Ketegangan di kawasan mereda secara signifikan. Iran mengumumkan bahwa Selat Hormuz yang sangat strategis kini dibuka penuh untuk pelayaran komersial. Pengumuman pada hari Jumat ini menyusul penerapan gencatan senjata 10 hari antara Israel dan Lebanon yang rapuh dan ditengahi AS. Gencatan senjata ini berlaku setelah konflik lintas batas yang menghancurkan selama berminggu-minggu, menewaskan ribuan orang, dan membuat lebih dari satu juta orang di Lebanon mengungsi. Pembukaan kembali jalur air penting ini langsung berdampak pada ekonomi global. Harga minyak anjlok seketika. Iran sebelumnya telah menutup selat ini secara efektif sejak akhir Februari.

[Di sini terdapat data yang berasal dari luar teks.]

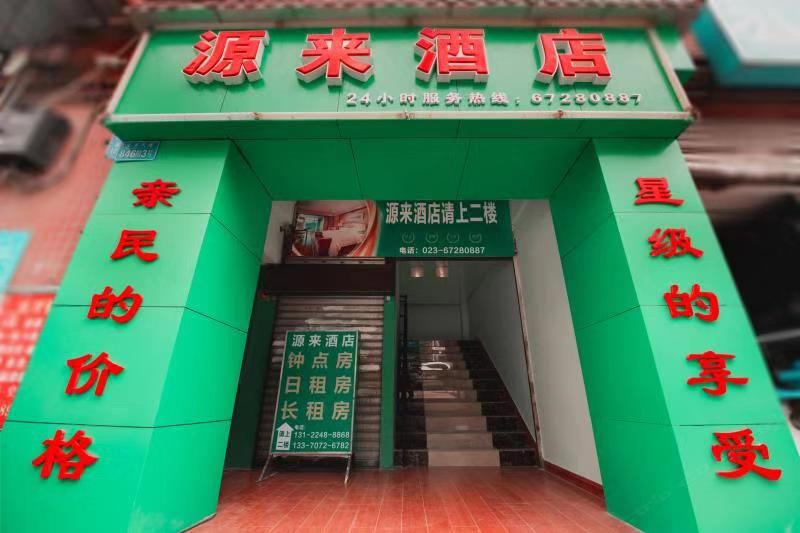 重庆源来酒店
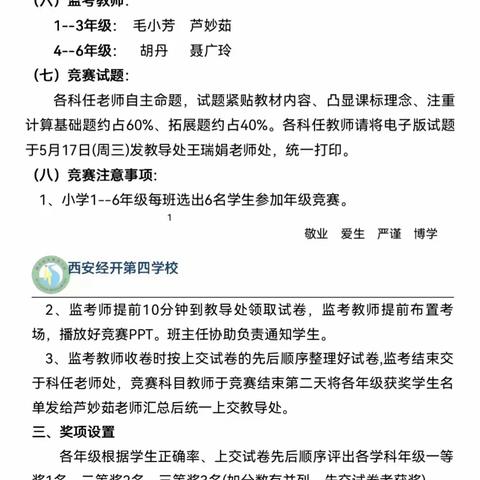 展思维风采 享数学魅力——记经开第四学校2022—2023学年度第二学期数学学科竞赛活动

Gencatan senjata sementara antara Israel dan Lebanon ini adalah hasil dari perundingan langsung pertama kedua negara dalam beberapa dekade. Perundingan ini difasilitasi oleh Amerika Serikat. Pertempuran yang dimulai pada 2 Maret merupakan perpanjangan dari perang yang lebih luas. Perang itu meletus pada 28 Februari 2026, dengan aksi militer AS dan Israel terhadap Iran. Hizbullah, kelompok militan di Lebanon yang didukung Iran, kemudian mulai melancarkan serangan roket ke Israel utara. Serangan itu memicu respons udara dan darat yang keras dari Israel. Penghentian pertempuran ini dilaporkan menjadi tuntutan utama Iran untuk meredakan ketegangan yang lebih luas.
Para pemimpin dunia, termasuk Sekretaris Jenderal PBB, menyambut baik gencatan senjata ini. Mereka juga menyambut langkah Iran membuka kembali selat tersebut sebagai langkah penting menuju stabilitas kawasan. Fokus sekarang beralih pada apakah jeda sementara ini bisa diubah menjadi perdamaian abadi. Gencatan senjata ini dimaksudkan untuk menciptakan ruang negosiasi perjanjian keamanan permanen. Perjanjian itu akan membahas status kelompok-kelompok bersenjata di Lebanon dan mengupayakan pengakuan kedaulatan penuh antara Israel dan Lebanon. Pasukan Israel diperkirakan akan tetap berada di posisi mereka di zona penyangga keamanan Lebanon selatan selama gencatan senjata.
Meskipun ada perkembangan positif, situasi tetap rumit dan penuh ketegangan. Presiden AS Donald Trump menyambut baik pengumuman Iran. Namun, ia memastikan blokade laut AS terhadap lalu lintas ke dan dari pelabuhan Iran akan tetap berlaku. Blokade ini diterapkan setelah perundingan diplomatik sebelumnya gagal. Para pejabat Iran menyuarakan bahwa kelanjutan blokade ini dapat dianggap sebagai pelanggaran terhadap semangat upaya yang sedang berjalan.
Beberapa hari ke depan sangat penting bagi masa depan kawasan ini. Gencatan senjata terpisah selama dua minggu antara Amerika Serikat dan Iran akan berakhir pada 22 April. Hal ini menambah tekanan pada para mediator untuk membuat kemajuan. Upaya diplomatik dilaporkan sedang berlangsung. Ada harapan untuk perundingan lebih lanjut antara pejabat AS dan Iran akhir pekan ini. Tujuannya adalah untuk mencapai kesepakatan yang lebih komprehensif untuk mengakhiri konflik yang telah mengguncang Timur Tengah dan mengganggu pasar energi global.